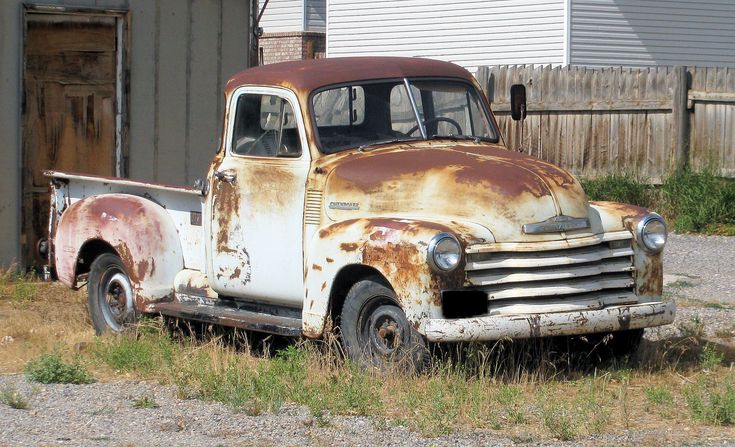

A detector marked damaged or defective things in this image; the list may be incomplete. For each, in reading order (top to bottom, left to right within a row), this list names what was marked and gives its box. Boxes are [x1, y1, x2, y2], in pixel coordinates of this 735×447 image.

rusted pickup truck [47, 57, 680, 372]
rusty hood patch [324, 144, 588, 242]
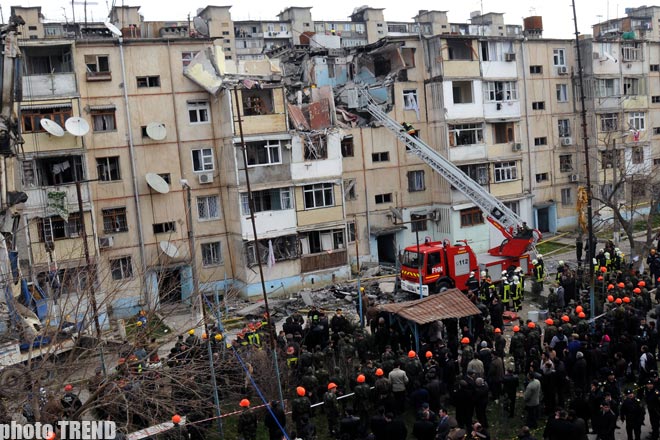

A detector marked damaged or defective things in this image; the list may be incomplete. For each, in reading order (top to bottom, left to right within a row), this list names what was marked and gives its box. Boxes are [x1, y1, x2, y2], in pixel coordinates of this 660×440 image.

broken window [22, 45, 73, 74]
broken window [446, 39, 472, 60]
broken window [241, 89, 274, 116]
broken window [452, 81, 472, 104]
broken window [21, 105, 73, 133]
broken window [490, 123, 516, 144]
broken window [245, 140, 282, 166]
broken window [302, 136, 326, 162]
damaged apartment building [6, 3, 656, 308]
broken window [21, 156, 84, 186]
broken window [240, 186, 292, 214]
broken window [246, 235, 298, 266]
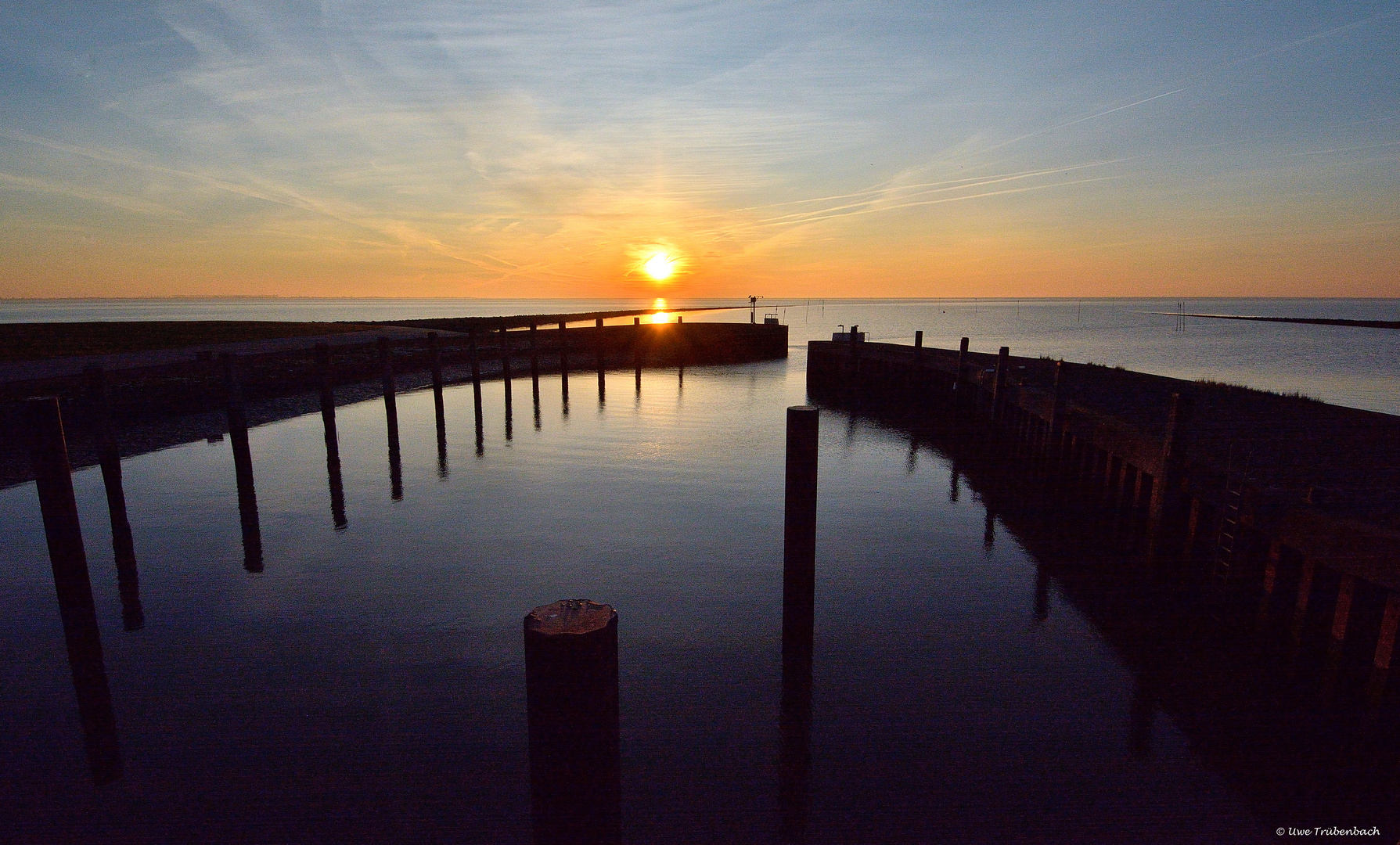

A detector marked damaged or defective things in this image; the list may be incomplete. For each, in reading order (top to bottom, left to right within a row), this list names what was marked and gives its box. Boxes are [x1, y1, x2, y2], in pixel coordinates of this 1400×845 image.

rusty metal post top [526, 599, 613, 638]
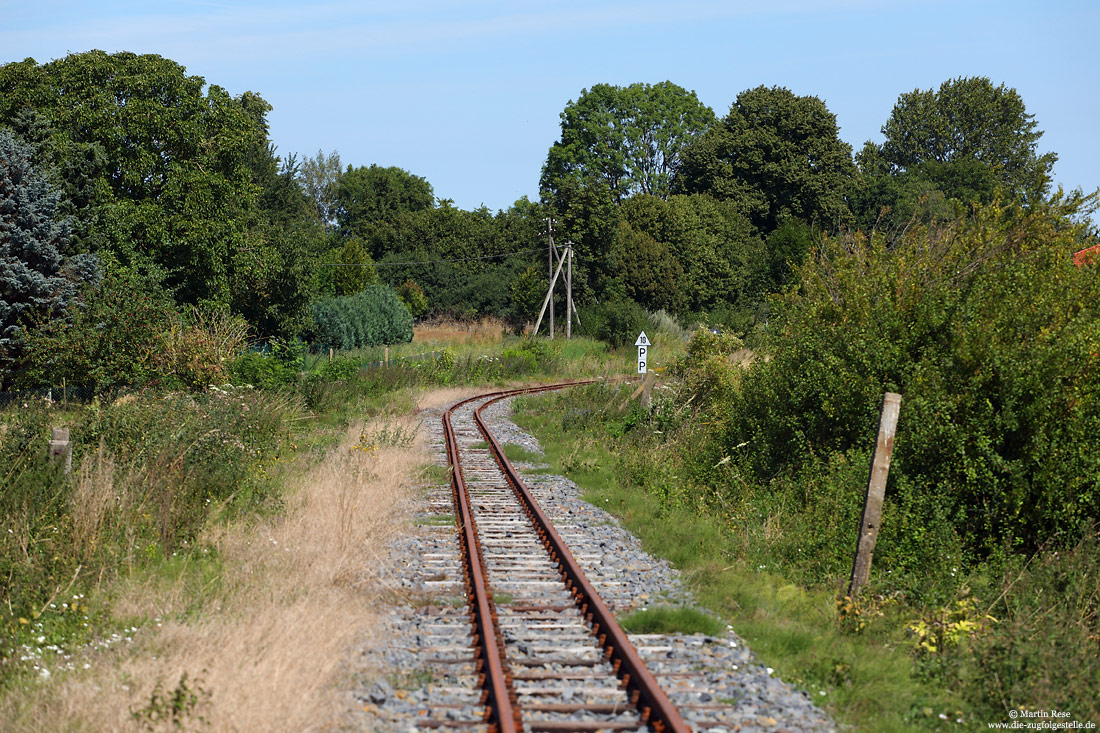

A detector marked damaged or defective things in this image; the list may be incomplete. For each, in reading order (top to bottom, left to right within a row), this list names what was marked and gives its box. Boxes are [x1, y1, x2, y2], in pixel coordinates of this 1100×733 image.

rusty railway track [442, 384, 688, 732]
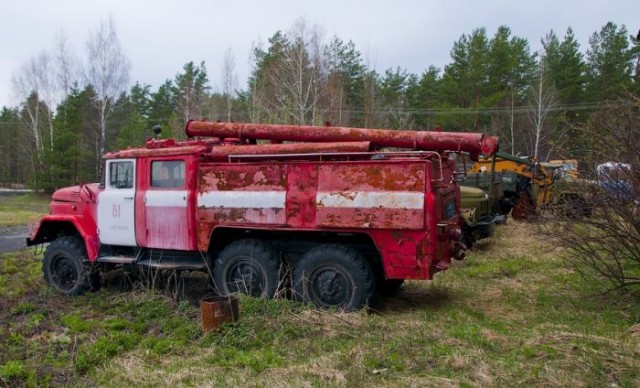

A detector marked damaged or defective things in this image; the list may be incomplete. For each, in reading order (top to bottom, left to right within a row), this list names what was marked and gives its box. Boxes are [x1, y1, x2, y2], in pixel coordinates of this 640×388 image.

rusty fire truck [27, 121, 498, 310]
rusty metal panel [314, 161, 424, 229]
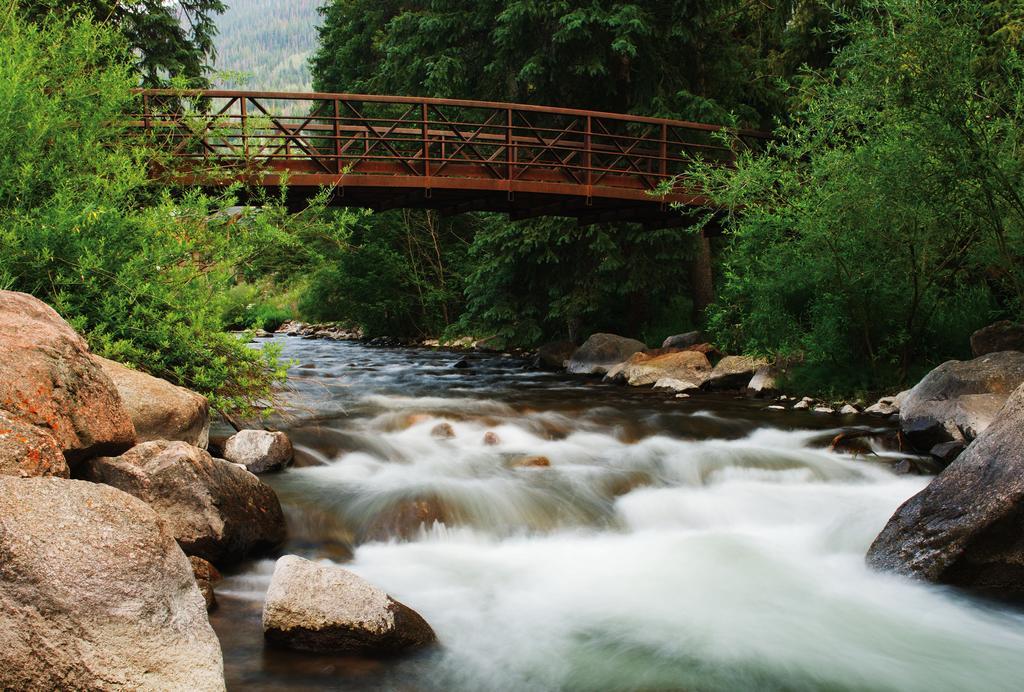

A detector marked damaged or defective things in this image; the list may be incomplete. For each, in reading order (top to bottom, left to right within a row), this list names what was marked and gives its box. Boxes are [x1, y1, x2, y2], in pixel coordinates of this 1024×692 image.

rusty brown bridge [132, 90, 765, 227]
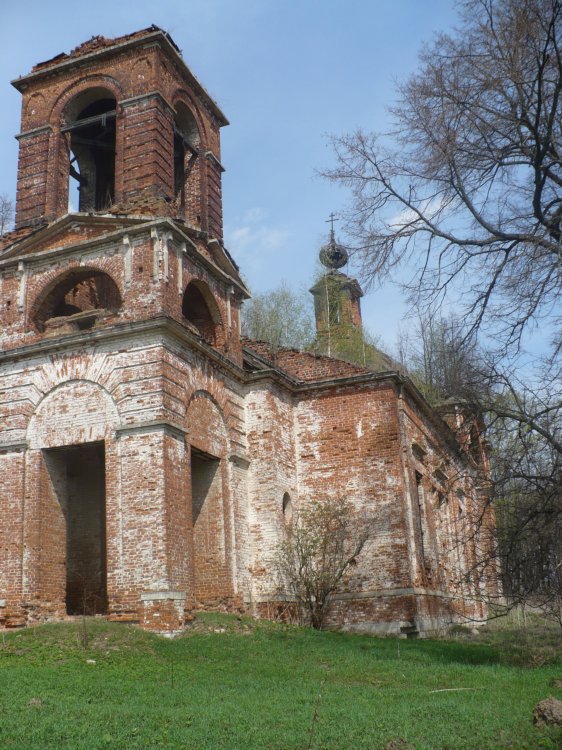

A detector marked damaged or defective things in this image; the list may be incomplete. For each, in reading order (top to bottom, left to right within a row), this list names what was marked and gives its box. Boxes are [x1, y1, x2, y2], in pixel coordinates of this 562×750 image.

broken brickwork [0, 27, 492, 636]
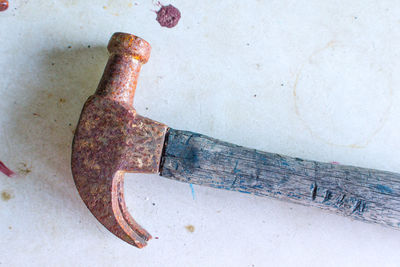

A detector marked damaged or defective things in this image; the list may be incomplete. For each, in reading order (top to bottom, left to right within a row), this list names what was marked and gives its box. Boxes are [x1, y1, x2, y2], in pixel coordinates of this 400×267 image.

rusty hammer head [71, 33, 168, 249]
rust on metal [71, 33, 168, 249]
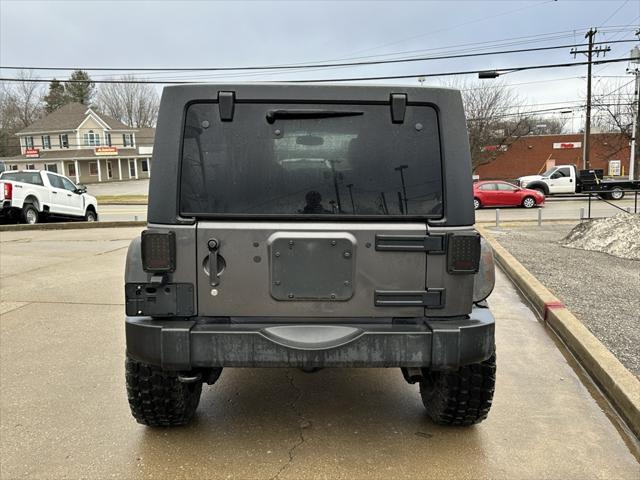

__________________________________________________

§ **What the exercise asks**
Transcribe each entry precisely as given, leaving the pictures out.

§ **Result for this task**
A detector marked damaged or defective things in this image; the list may be incomplete. For each, in reading order (top to bottom, left to right within a row), this list names what was marked and gives its box. Boxes are [x1, y1, x2, y2], in pixel coordinates of this 735×447 image.

rusted pickup truck [47, 57, 680, 372]
rusty hood patch [324, 144, 588, 242]

A detector marked damaged or defective things in this image; the list may be incomplete. For each, in reading order (top to bottom, left to right within a row), this list names what was marked and gives its box. Boxes are [x1, y1, x2, y2], in pixel coordinates of this 660×440 image.

broken window [22, 45, 73, 74]
broken window [446, 39, 472, 60]
broken window [241, 89, 274, 116]
broken window [452, 81, 472, 104]
broken window [21, 105, 73, 133]
broken window [490, 123, 516, 144]
broken window [245, 140, 282, 166]
broken window [302, 136, 326, 162]
damaged apartment building [6, 3, 656, 308]
broken window [21, 156, 84, 186]
broken window [240, 186, 292, 214]
broken window [246, 235, 298, 266]

A detector marked damaged or defective things in this image; the list may be incomplete. For each, in reading order (top to bottom, left to right within a row), this list names what was marked and gives its box. Boxes are [x1, y1, x2, y2], in pixel coordinates of this 1400×845 image.

rusty metal post top [526, 599, 613, 638]

A detector marked damaged or defective things in this image; the list may be incomplete. For each, in reading order (top to bottom, left to right within a row), this list names what was marked and gives its box. Boxes are [x1, y1, x2, y2], in pixel coordinates of this 1100×733 image.

rusty railway track [442, 384, 688, 732]

A detector marked damaged or defective things in this image; the list may be incomplete. For each, in reading order (top to bottom, left to right within a row), this list names what was marked and gives its box. Boxes are [x1, y1, x2, y2], in pixel coordinates of this 640×388 image.

rusty fire truck [27, 121, 498, 310]
rusty metal panel [314, 161, 424, 229]

A detector marked damaged or defective things in this image; the list may be incomplete. For each, in reading order (top to bottom, left to right within a row), this list names what was marked and gives its box. Boxes are [x1, y1, x2, y2], in pixel coordinates of this 1024×692 image.

rusty brown bridge [132, 90, 765, 227]

A detector marked damaged or defective things in this image; the list may be incomplete. For each, in reading order (top to bottom, left to right within a row), this list names what was marked and gives its box. Boxes are [x1, y1, x2, y2], in pixel coordinates of this 562×750 image.

broken brickwork [0, 27, 492, 636]

A detector marked damaged or defective things in this image; the list may be incomplete. For each, in reading order (top to bottom, left to right within a row), this list names what was marked and gives its box. Boxes are [x1, y1, x2, y2], in pixel coordinates of this 400×267 image.

rusty hammer head [71, 33, 168, 249]
rust on metal [71, 33, 168, 249]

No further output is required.